Given material:
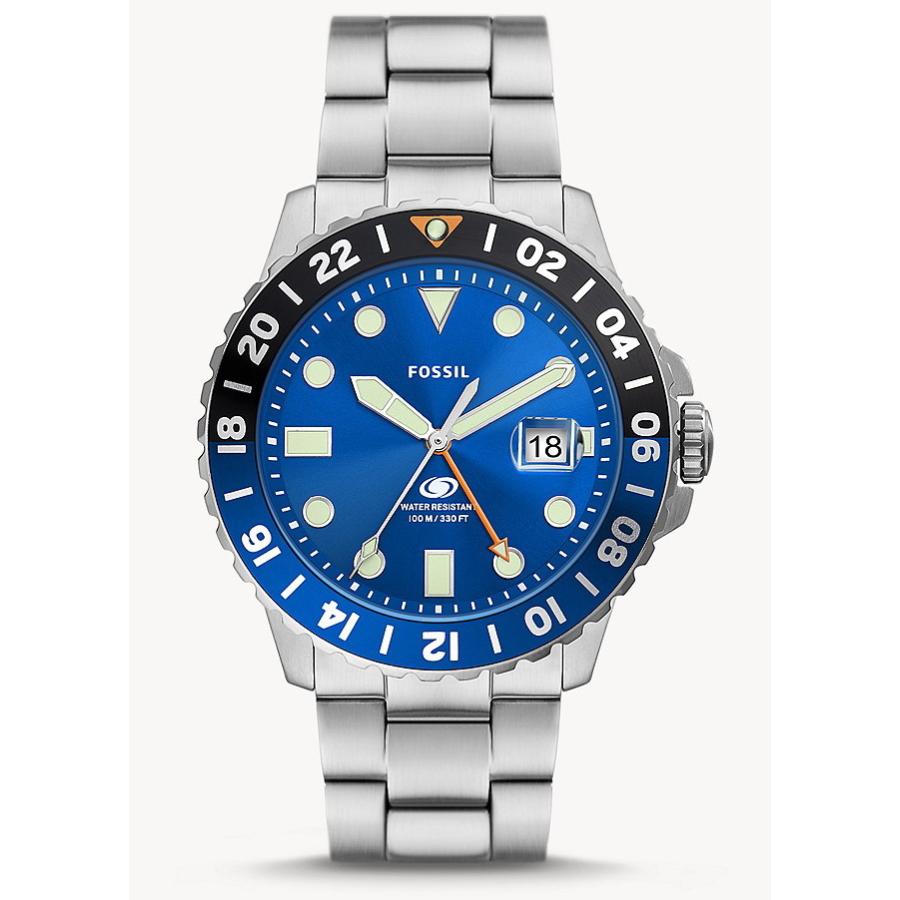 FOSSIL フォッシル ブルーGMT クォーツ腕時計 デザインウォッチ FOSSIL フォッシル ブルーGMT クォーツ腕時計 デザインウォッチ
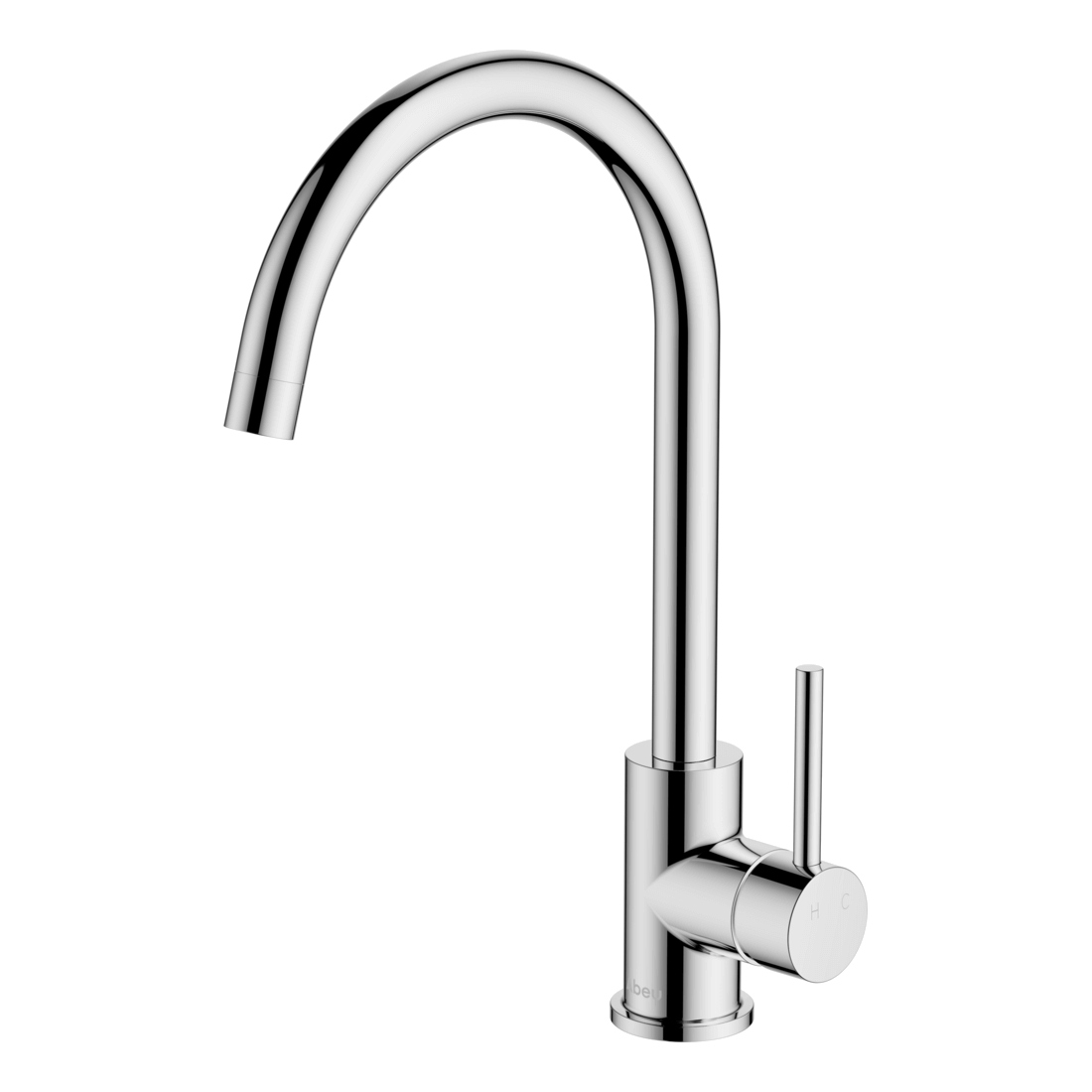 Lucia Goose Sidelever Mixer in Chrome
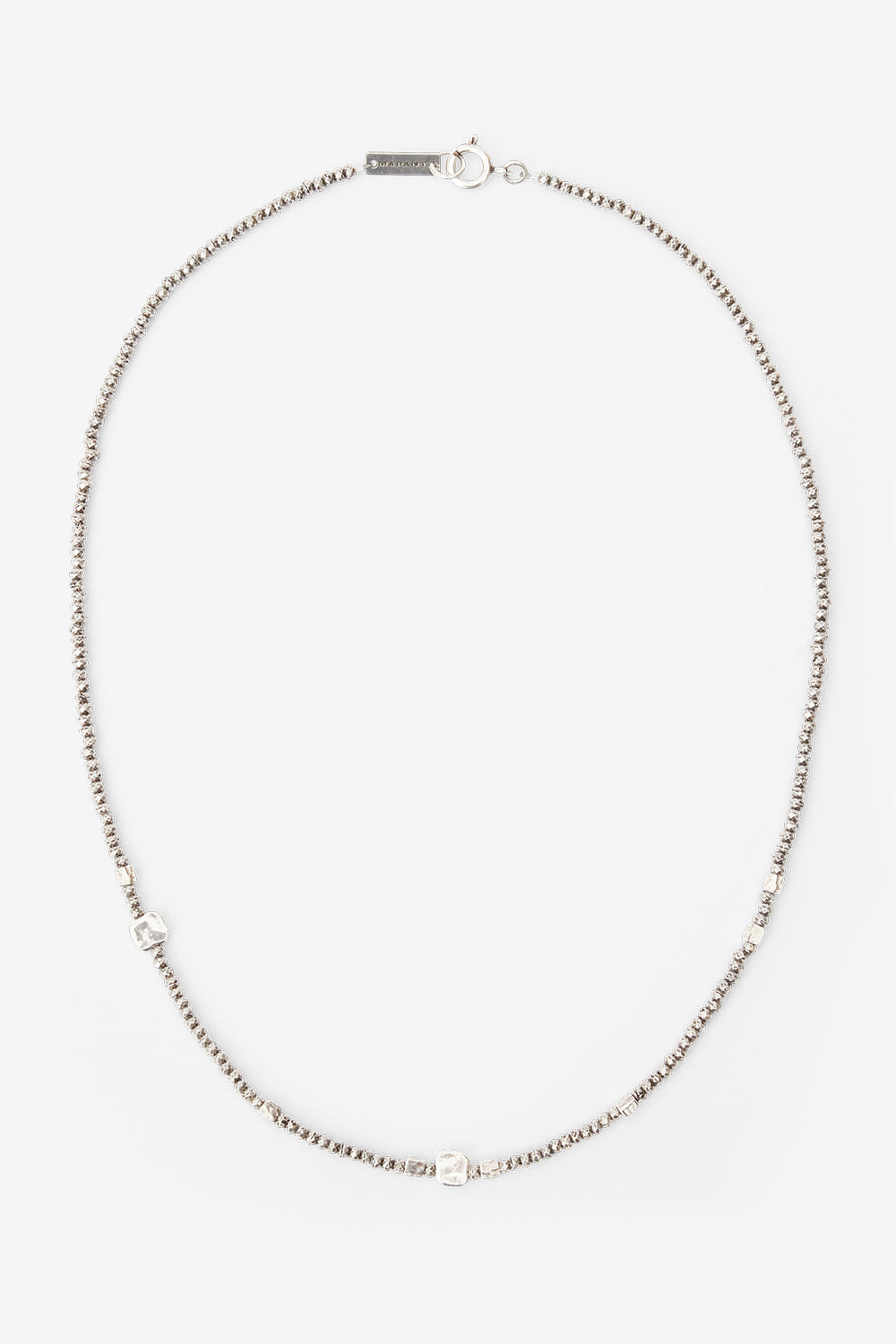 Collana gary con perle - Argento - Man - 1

Problem to solve: Copy all the material word for word, minus its pictures.

Task result:
 FOSSIL フォッシル ブルーGMT クォーツ腕時計 デザインウォッチ FOSSIL フォッシル ブルーGMT クォーツ腕時計 デザインウォッチ
 Lucia Goose Sidelever Mixer in Chrome
 Collana gary con perle - Argento - Man - 1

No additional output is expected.